3
votes

I have data with IDs which may or may not have all values present. I want to delete ONLY the observations with no data in them; if there are observations with even one value, I want to retain them. Eg, if my data set is:

ID val1 val2 val3 val4
1 23 . 24 75
2 . . . .
3 45 45 70 9

I want to drop only ID 2 as it is the only one with no data -- just an ID.

I have tried Statalist and Google but couldn't find anything relevant.

3
A simple way is to use drop if missing(val1-val4)Aspen Chen
Sorry Aspen. My example could have been clearer -- the variable names are not linear.user2830684
missing() returns 1 if ANY of the arguments evaluates to missing.dimitriy
For completeness, note that "rows" and "records" are not Stata-speak; the Stata term is "observations".Nick Cox
Thanks. I edited my question to fix this.user2830684

3 Answers

7
votes

This will also work with strings as long as they are empty:

ds id*, not
egen num_nonmiss = rownonmiss(`r(varlist)'), strok
drop if num_nonmiss == 0

This gets a list of variables that are not the id and drops any observations that only have the id.

4
votes

Brian Albert Monroe is quite correct that anyone using dropmiss (SJ) needs to install it first. As there is interest in varying ways of solving this problem, I will add another.

 foreach v of var val* { 
     qui count if missing(`v') 
     if r(N) == _N local todrop `todrop' `v' 
 }
 if "`todrop'" != "" drop `todrop' 

Although it should be a comment under Brian's answer, I will add here a comment here as (a) this format is more suited for showing code (b) the comment follows from my code above. I agree that unab is a useful command and have often commended it in public. Here, however, it is unnecessary as Brian's loops could easily start something like

 foreach v of var * { 

UPDATE September 2015: See http://www.statalist.org/forums/forum/general-stata-discussion/general/1308777-missings-now-available-from-ssc-new-program-for-managing-missings for information on missings, considered by the author of both to be an improvement on dropmiss. The syntax to drop observations if and only if all values are missing is missings dropobs.

0
votes

Just another way to do it which helps you discover how flexible local macros are without installing anything extra to Stata. I rarely see code using locals storing commands or logical conditions, though it is often very useful.

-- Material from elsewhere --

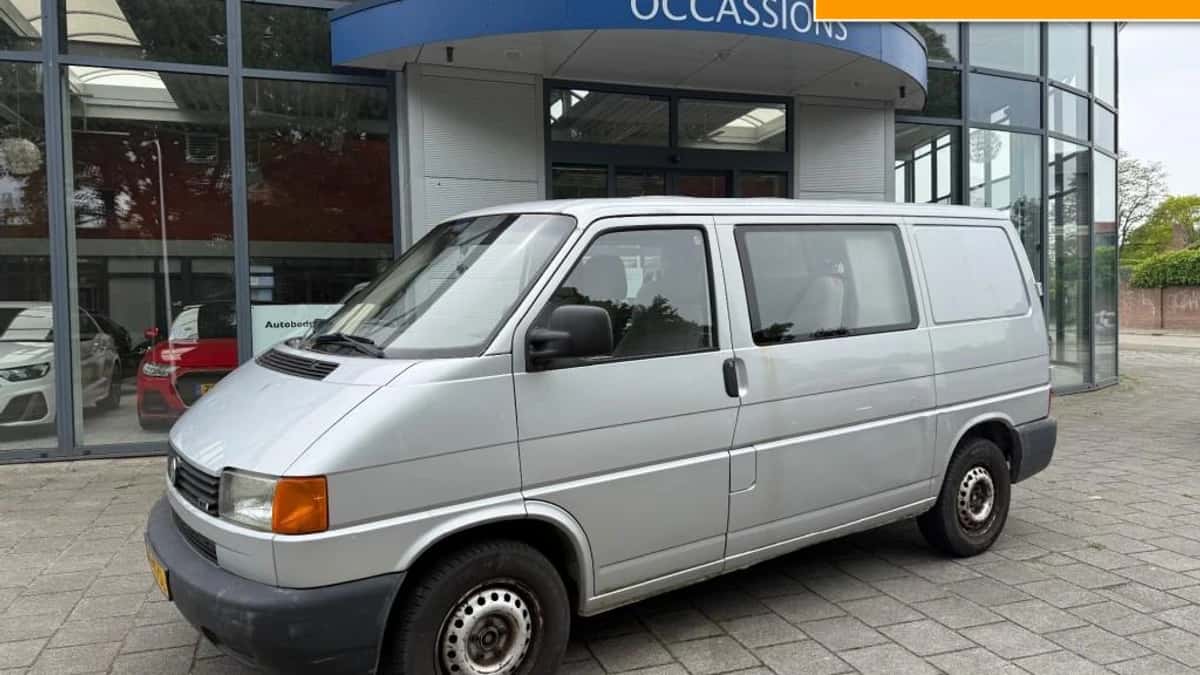 Volkswagen Transporter (2000) — foto 1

    // Loop through all variables to build a useful local
    foreach vname of varlist _all {    

            // We don't want to include ID in our drop condition, so don't execute the remaining code if our loop is currently on ID
            if "`vname'" == "ID" continue  

            // This local stores all the variable names except 'ID' and a logical condition that checks if it is missing
            local dropper "`dropper' `vname' ==. &"     
    }

    // Let's see all the observations which have missing data for all variables except for ID
    // The '1==1' bit is a condition to deal with the last '&' in the `dropper' local, it is of course true.

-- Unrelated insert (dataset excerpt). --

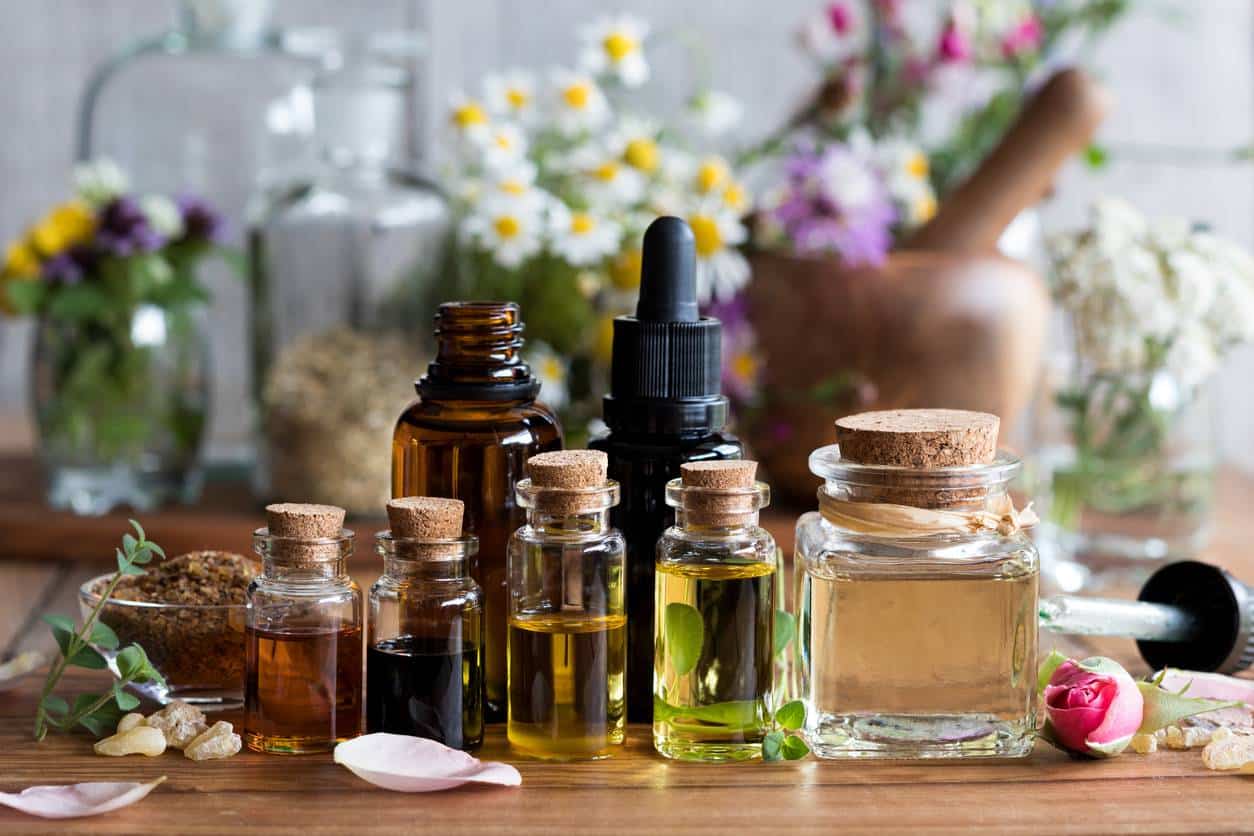 alternative concentrés naturels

    list if `dropper' 1==1

    // Now let's drop those variables
    drop if `dropper' 1==1

    // Now check they're all gone
    list if `dropper' 1==1

    // They are.

Now dropmiss may be convenient once you've downloaded and installed it, but if you are writing a do file to be used by someone else, unless they also have dropmiss installed, your code won't work on their machine.

With this approach, if you remove the lines of comments and the two unnecessary list commands, this is a fairly sparse 5 lines of code which will run with Stata out of the box.